Biopace (for those too young to remember):
http://en.wikipedia.org/wiki/Biopace
 

FarEast

Maximum Pace
May 25, 2009
5,528
538
193
Yokohama
#2
It's old technology and dropped by Shimano and another company for one BIG reason.... they screw your knees up. They also play havoc with your pedaling technique.
 

Lawrence

Speeding Up
Jul 23, 2011
124
2
36
Chiba City
#3
They said they are different than Biopace (of course) and that once you get adjusted you are OK.

Juan Jose Cobo won the 2011 Vuelta on 'em and Carlos Sastre won the 2008 TDF.
Quite a big list of road and MTB wins:
http://www.rotorbike.com/palmares/palmares_rotor_eng.pdf

The guy said some pros don't change cause there is an adjustment period and their stats may get worse until they are fully adjusted (re: their stats are their livelihood).
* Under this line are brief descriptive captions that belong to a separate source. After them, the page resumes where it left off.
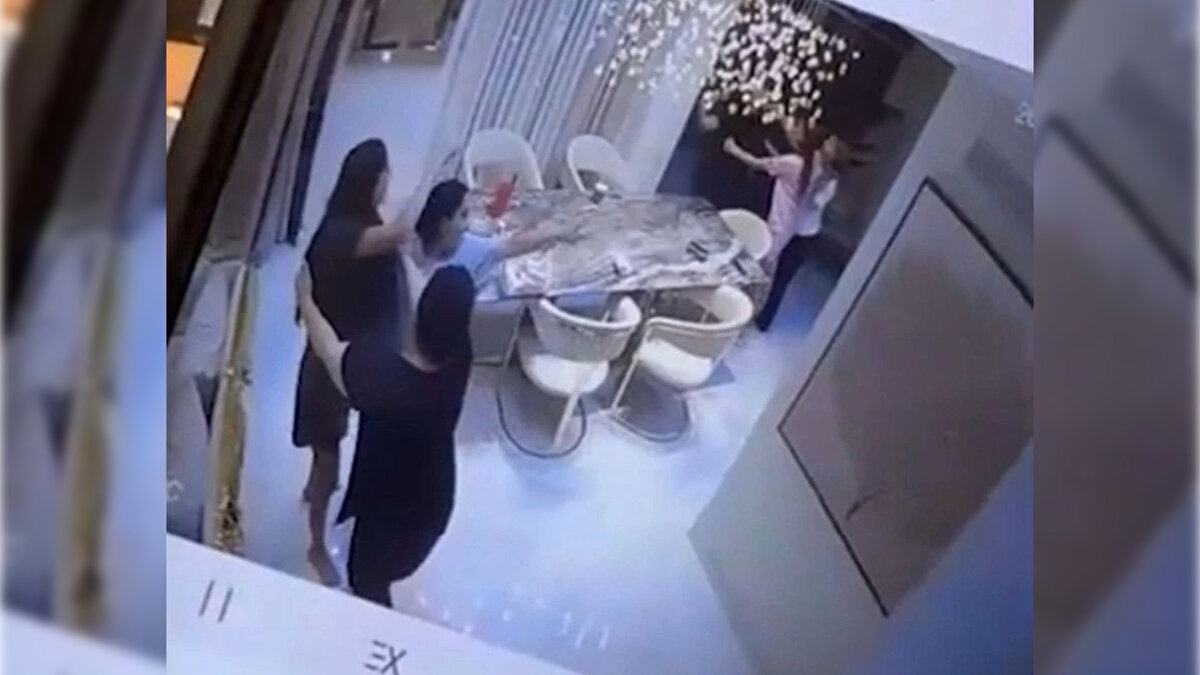 Dilan Polat daha sonra ise "Boşanıyorum senden avukatını ara" diyerek Engin Polat'a tepki gösterdi.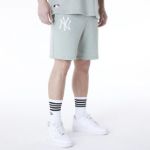 Image de SHORT NEW YORK YANKEES MLB LEAGUE ESSENTIAL  L Vert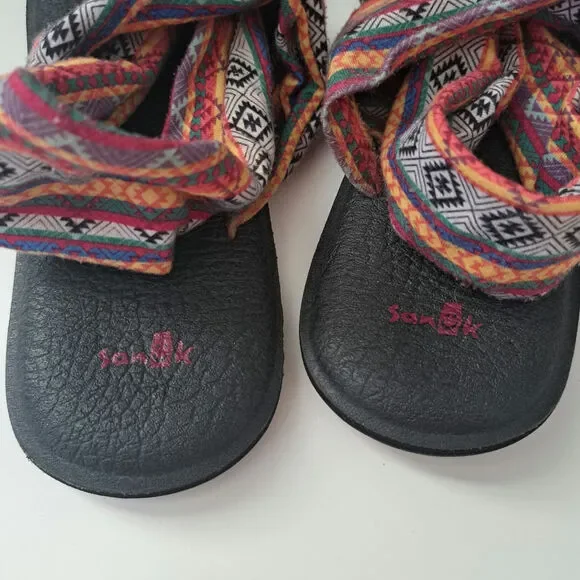 Sanuk Women's Yoga Sling 2 Print Sandal
Magenta Tribal Stripe Size 11 - Picture 2 of 4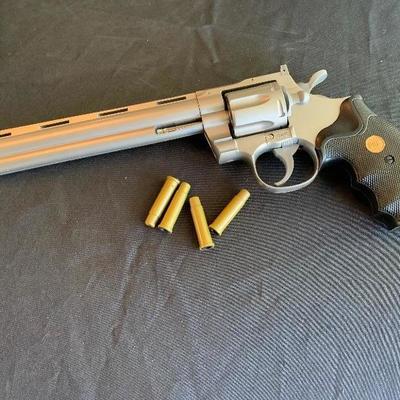 TOY GUN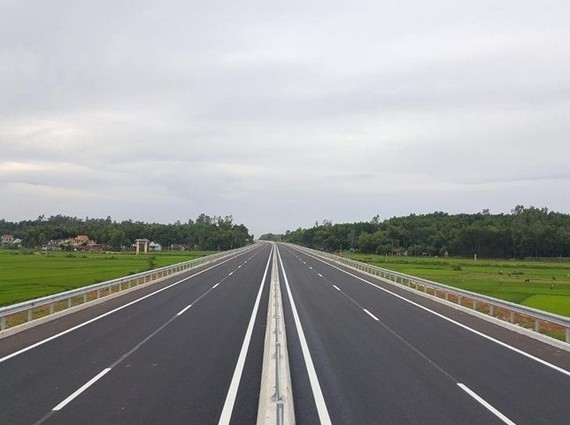 Binh Phuoc carries out research on HCMC-Thu Dau Mot-Chon Thanh expressway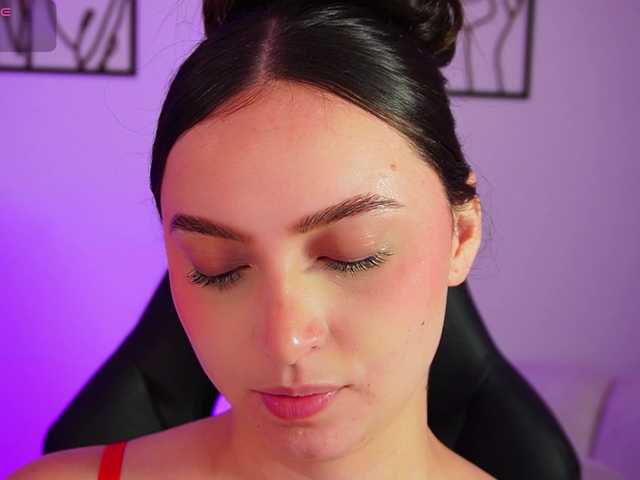 AliceHarper1 live webcam show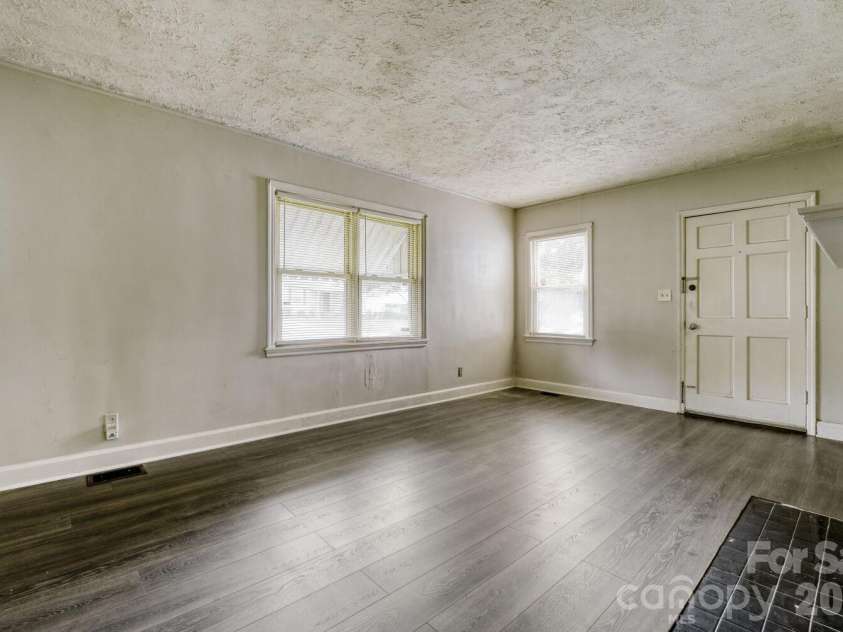 2316 Edison Street, Charlotte, NC 28206.  MLS# CAR4383598, YatesRealty ID 27811. 
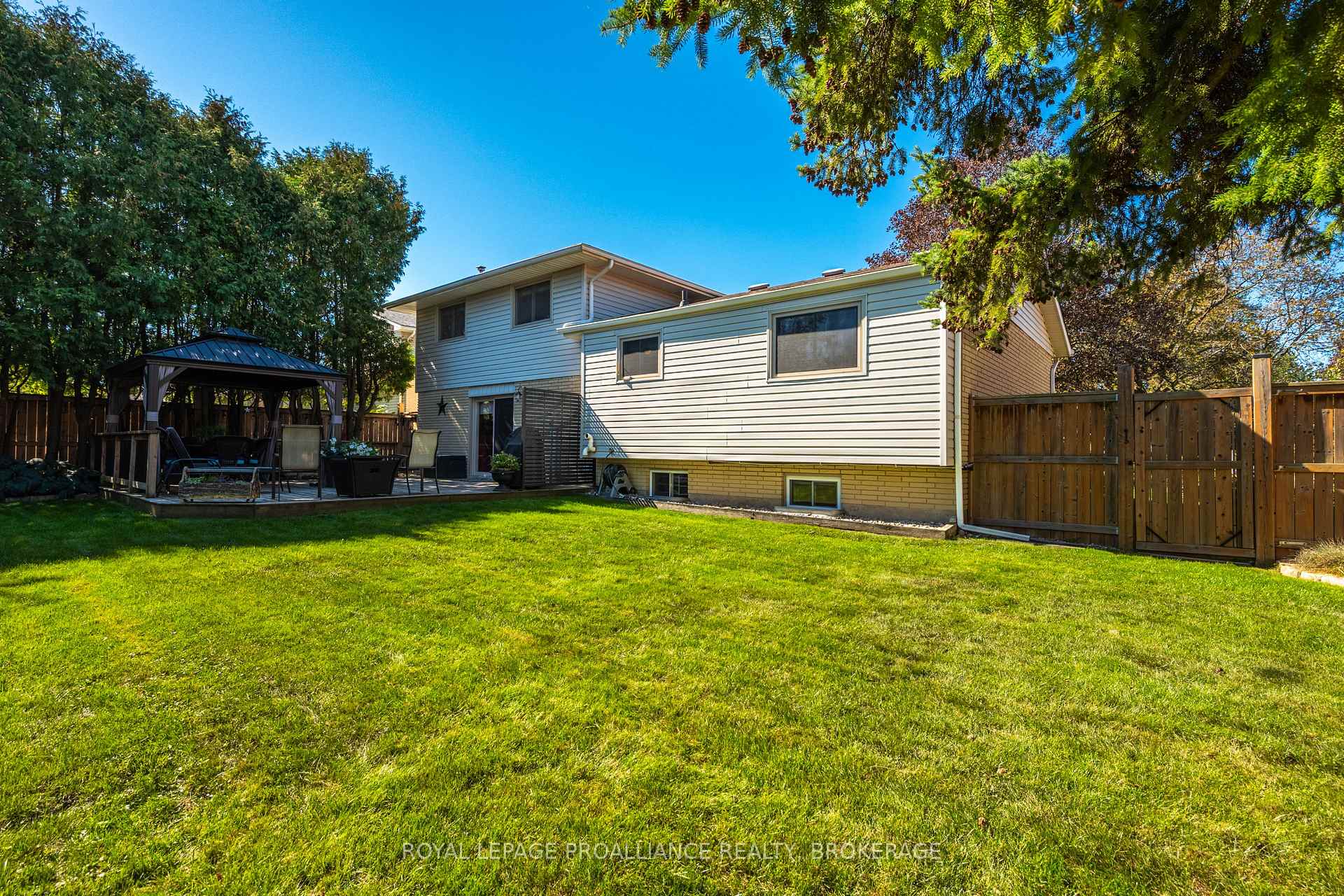 Photo 44 of 79 Seaforth Road, Kingston, West of Sir John A. Blvd — HOMEH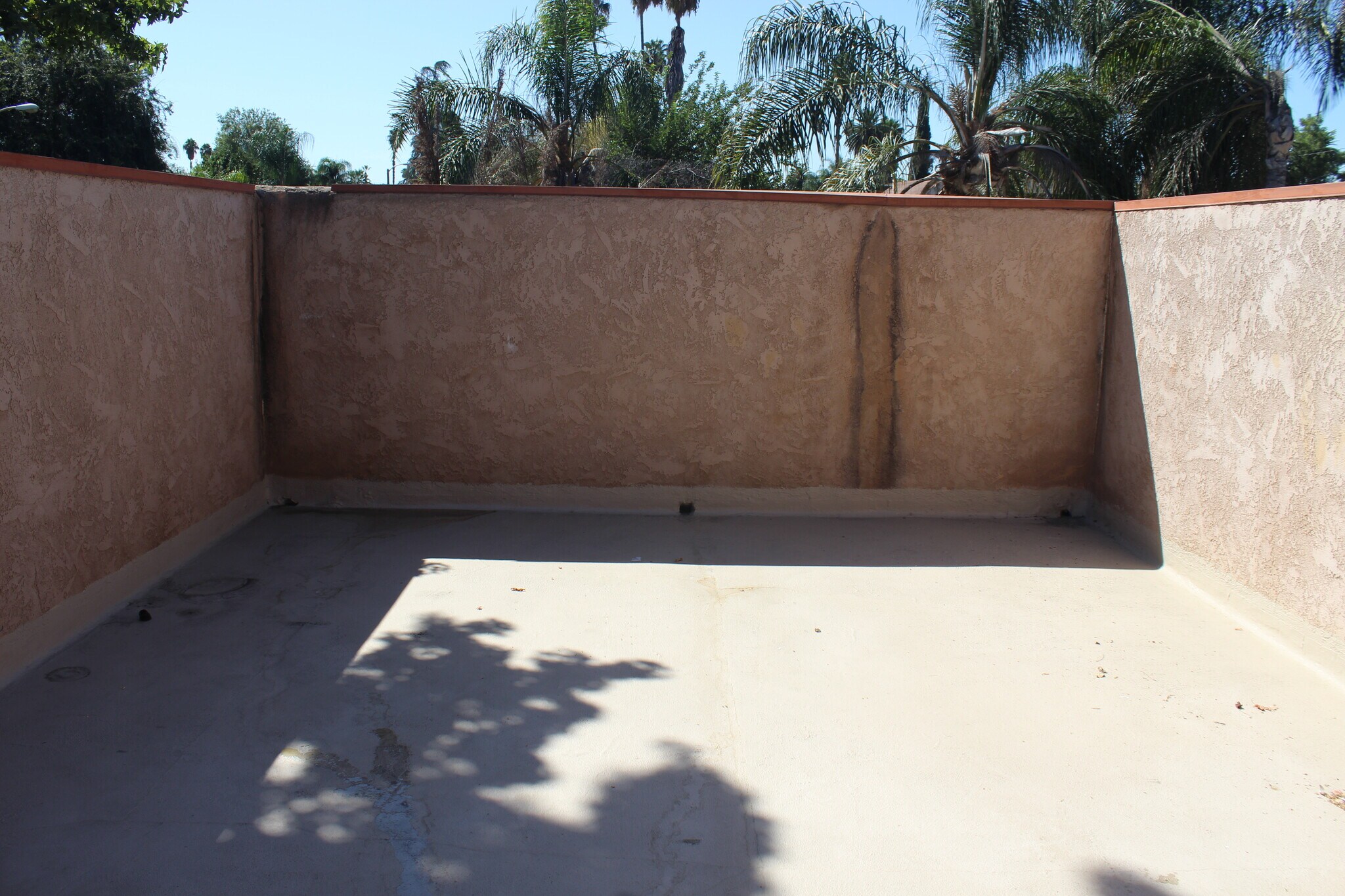 Building Photo - 1960 W Linden St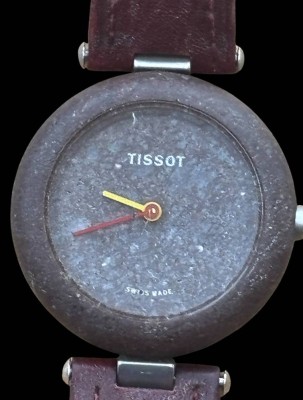 Auktion 366<br>Tissot Rock Uhr Dunkelbraun / Schwarz R150 - Vintage-DAU Uhr, Quartz, Lederband, Werk nicht geprüft [1]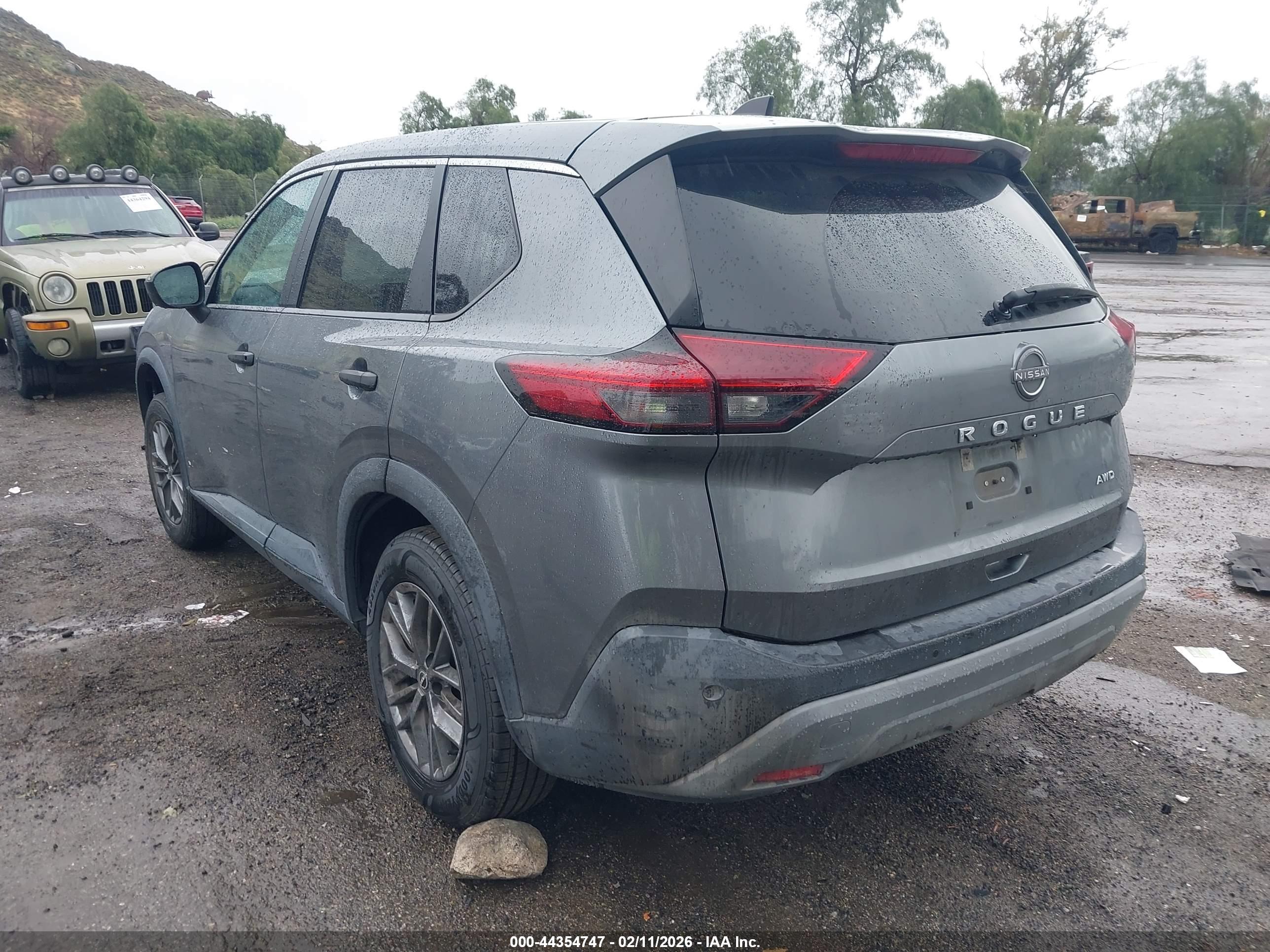 NISSAN ROGUE image 3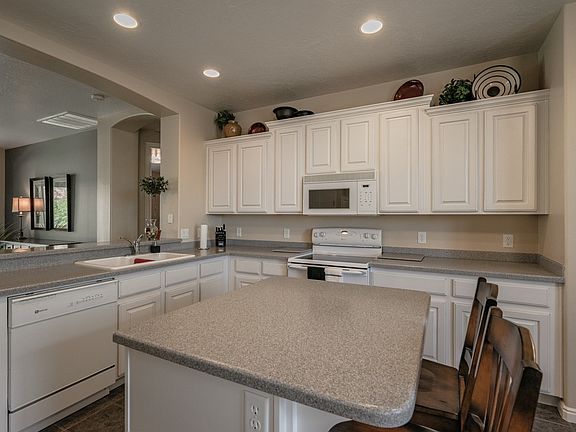 4th image of 3409 E Willow Springs Dr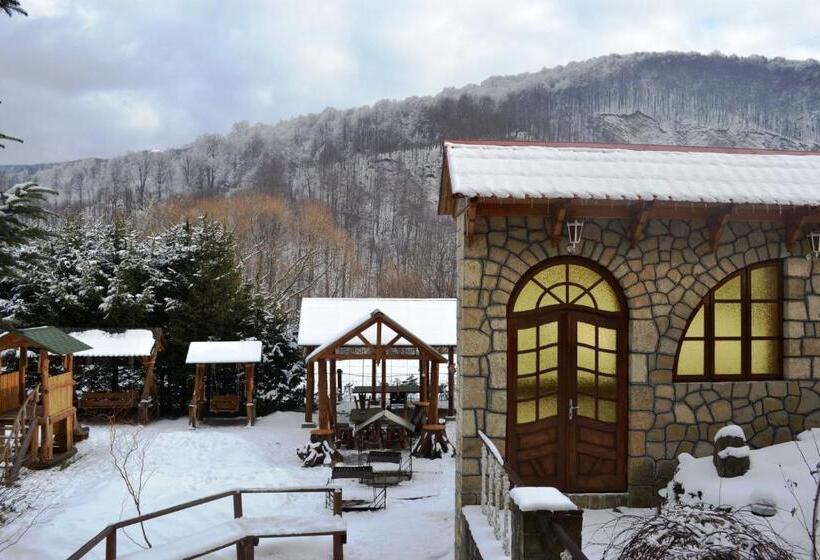 בית מלון כפרי U Yaroslava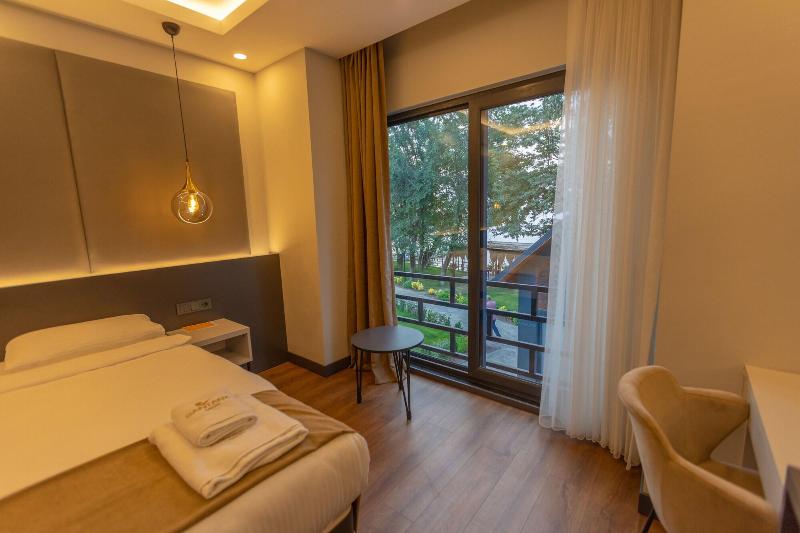 Santana Hotel image
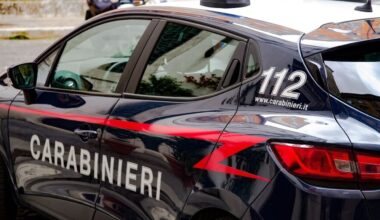 abusi sessuali su tre donne costrette a guardare film hard, arrestato un operatore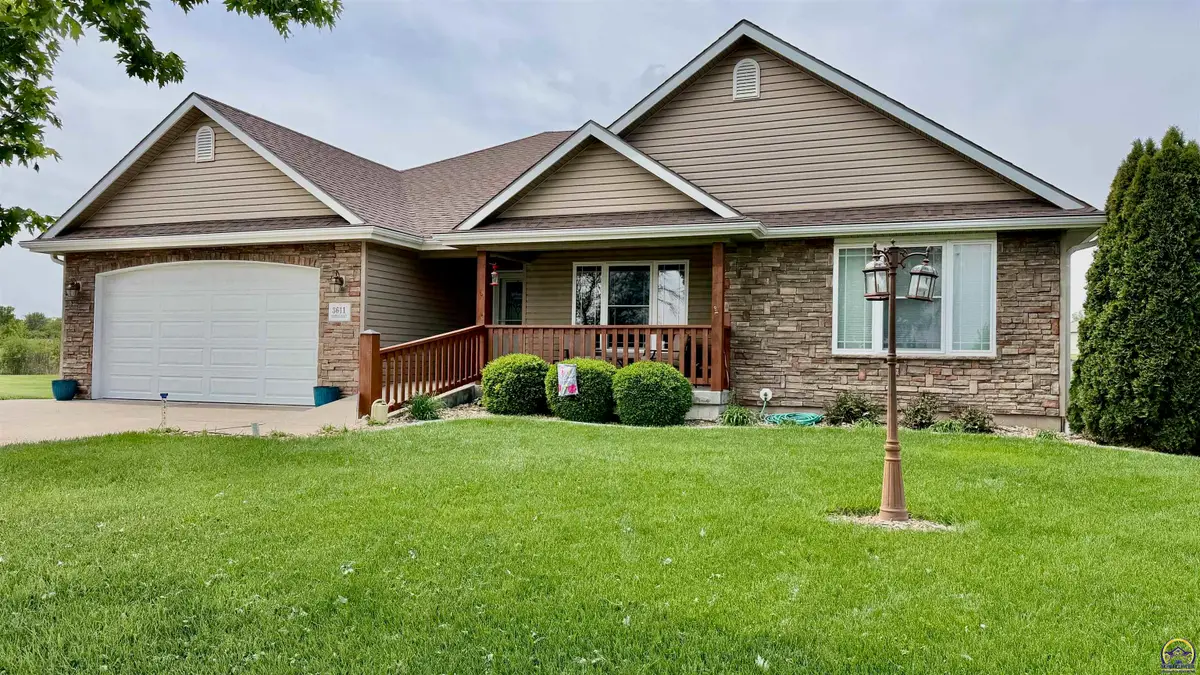 3611 NW Sterling Chase Ct, Topeka, KS 66618 - #1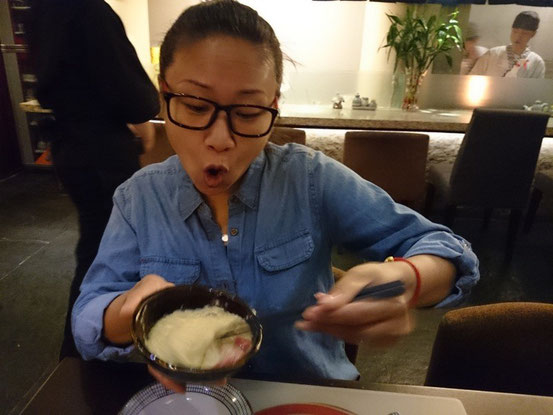 マグロの山かけを混ぜる愛ちゃん。お味はいかがですか~???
I think they have an uphill battle (esp as they go against what has been the norm for a long time).
 

kiwisimon

Maximum Pace
Dec 14, 2006
2,681
494
103
Japan
#4
I think they have an uphill battle (esp as they go against what has been the norm for a long time).
I know some SS MTBers swear by them. As the results accumulate I think you'll see more individuals(privateers) using them. Teams sponsored by S and S won't be using them, that's what sponsorship is for I guess. I looked at them but they are certainly not cheap. Nice to know they have a distributorship in Japan. I have seen them on Yahoo auctions and thought they were being imported by another party.
 

Lawrence

Speeding Up
Jul 23, 2011
124
2
36
Chiba City
#5
The guy told me that most bike shops can order them for you.

I thought the price was for a set, ya, kinda expensive for 'just' one ring.
 

Gunjira

Maximum Pace
Oct 2, 2009
1,003
176
83
Tokyo
#7
You can sometimes snag these cheap on eBay. Mostly sold by thriathletes who were looking for a secret performance tool and didn't get used to them (because they don't ride enough?)

That's how I got one, still waiting to be mounted to a time-trial specific setup. I've met a bunch of Japanese riders with them, most of them with expensive gear/bike. Most said, there was some improvement, but none were enthusiastic about it.

I think there's some credibility to the system, which other than biopace allows you to dial in the effect matching your pedaling. But the only way to if they work for you is to try them.

One thing, that's clear, is that they will never shift great, even under the best condition. Q-rings are notorious for throwing the chain outside the large chainring. If you're doing lots of shifting in the front, eg climbing, maybe better save the money and try to perfect your pedaling style.
 
Sep 2, 2009
5
0
0
#9
My normal Dura Ace chainset started looking like that when that weird gel Tim gave me kicked in.